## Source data
▽

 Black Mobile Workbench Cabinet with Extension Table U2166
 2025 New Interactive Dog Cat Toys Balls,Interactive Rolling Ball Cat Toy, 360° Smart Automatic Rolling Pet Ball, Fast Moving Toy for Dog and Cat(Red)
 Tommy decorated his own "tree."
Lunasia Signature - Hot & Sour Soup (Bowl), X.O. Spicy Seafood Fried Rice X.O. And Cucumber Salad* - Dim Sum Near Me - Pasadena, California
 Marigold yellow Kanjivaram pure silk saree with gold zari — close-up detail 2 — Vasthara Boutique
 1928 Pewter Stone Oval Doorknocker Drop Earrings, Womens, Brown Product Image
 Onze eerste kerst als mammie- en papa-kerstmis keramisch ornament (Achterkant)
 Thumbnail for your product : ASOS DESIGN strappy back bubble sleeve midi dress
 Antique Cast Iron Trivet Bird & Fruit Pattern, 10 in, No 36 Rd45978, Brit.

△
▽

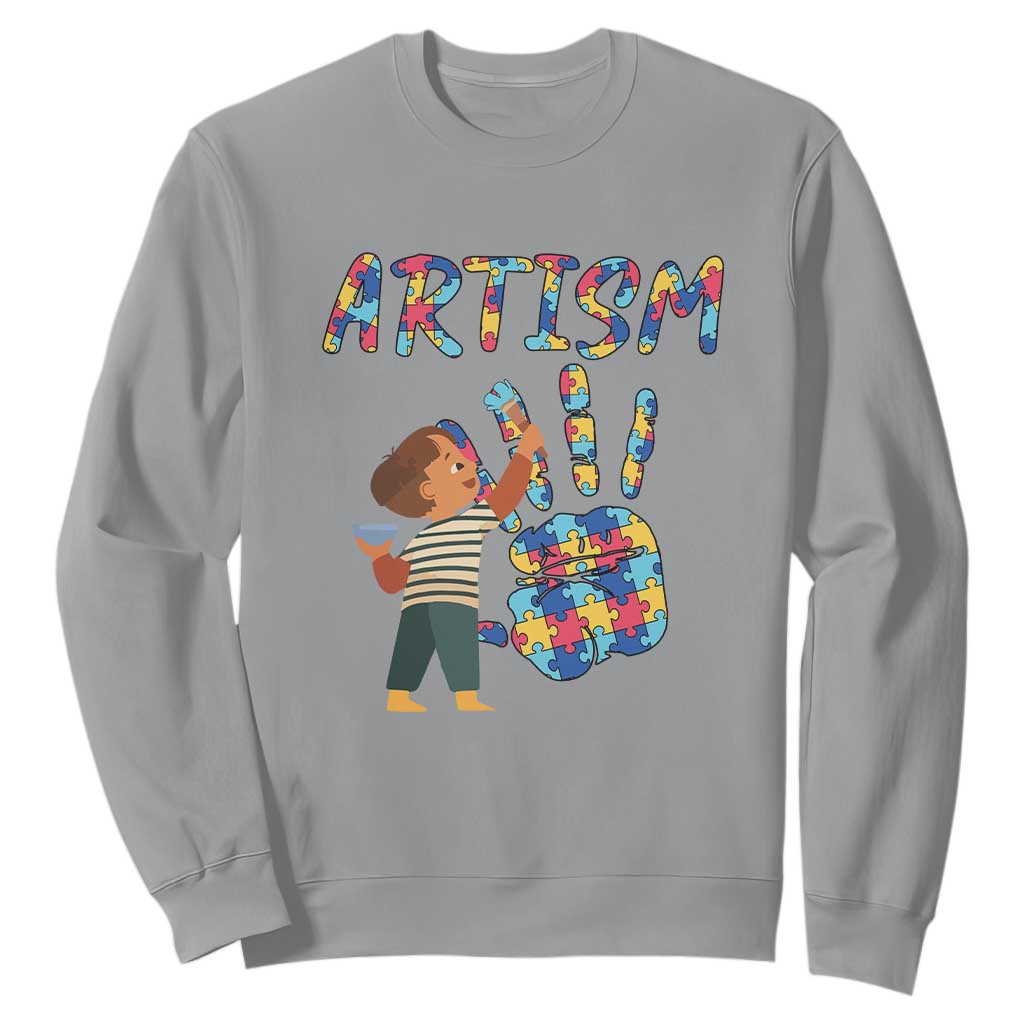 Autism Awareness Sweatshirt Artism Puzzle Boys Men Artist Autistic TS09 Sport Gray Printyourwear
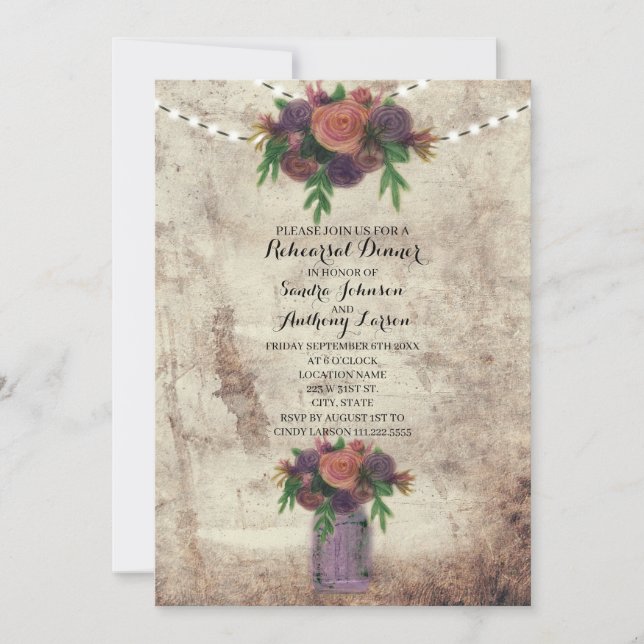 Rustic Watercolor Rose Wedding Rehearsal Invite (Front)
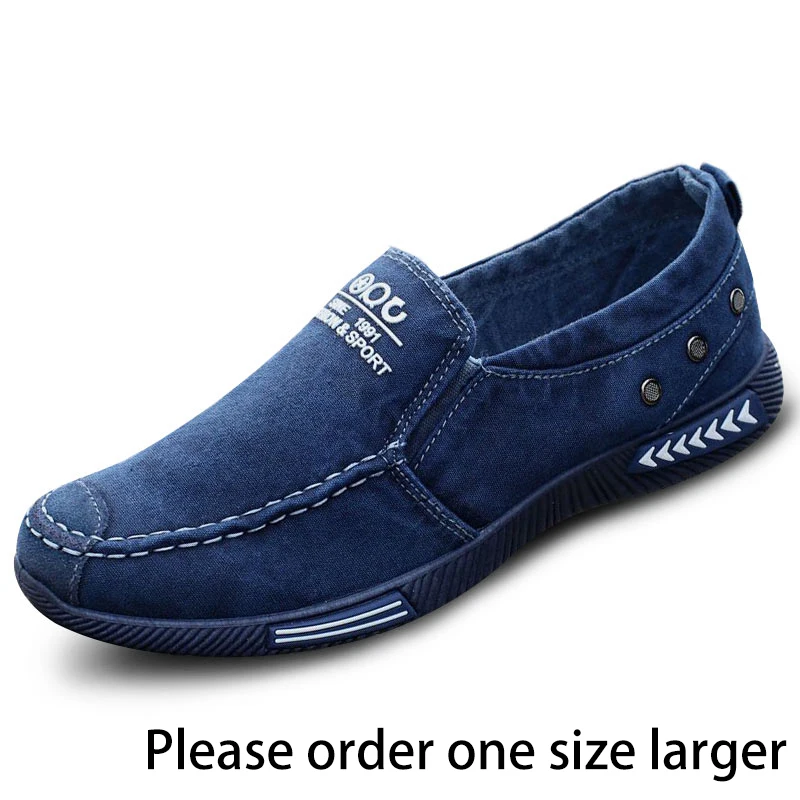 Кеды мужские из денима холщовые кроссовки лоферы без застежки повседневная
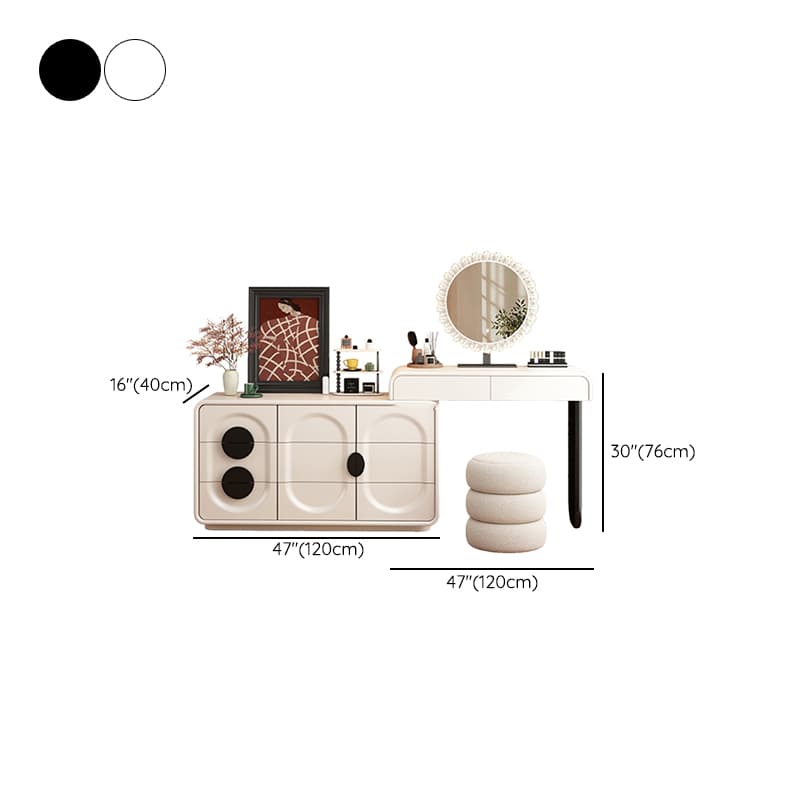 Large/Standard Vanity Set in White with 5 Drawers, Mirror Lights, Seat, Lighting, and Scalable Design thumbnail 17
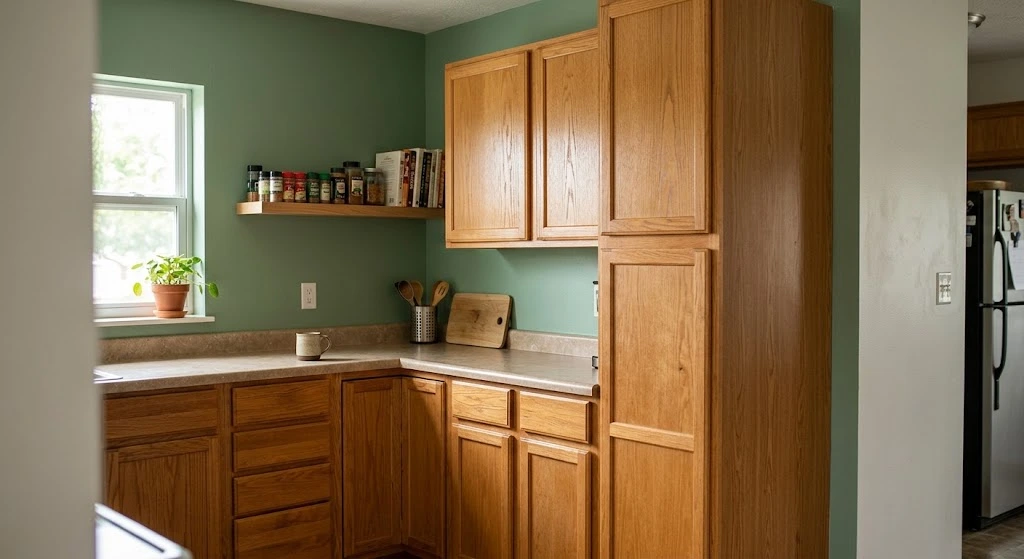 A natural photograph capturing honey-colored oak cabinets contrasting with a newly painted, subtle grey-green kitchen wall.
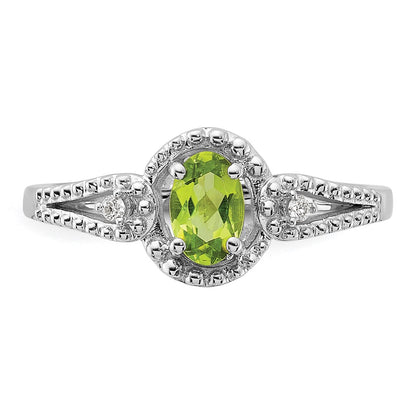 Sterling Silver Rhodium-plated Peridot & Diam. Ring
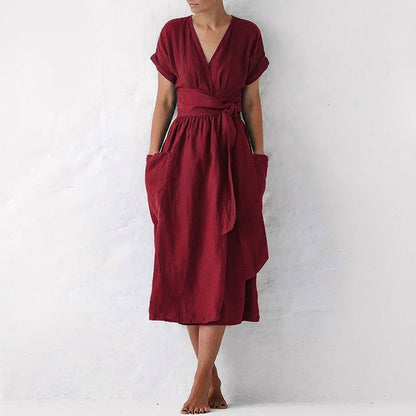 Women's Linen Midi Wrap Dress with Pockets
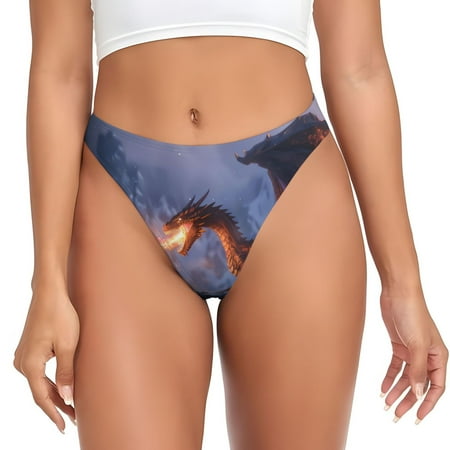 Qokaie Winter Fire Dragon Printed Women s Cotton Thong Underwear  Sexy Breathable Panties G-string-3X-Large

△

## Problem to work on
Although the records above contain pictures, the copy should not; retype exactly the lines from the one containing "A natural photograph" through the one containing "Women's Linen Midi Wrap Dress with Pockets".

## Result of this exercise
 A natural photograph capturing honey-colored oak cabinets contrasting with a newly painted, subtle grey-green kitchen wall.
 Sterling Silver Rhodium-plated Peridot & Diam. Ring
 Women's Linen Midi Wrap Dress with Pockets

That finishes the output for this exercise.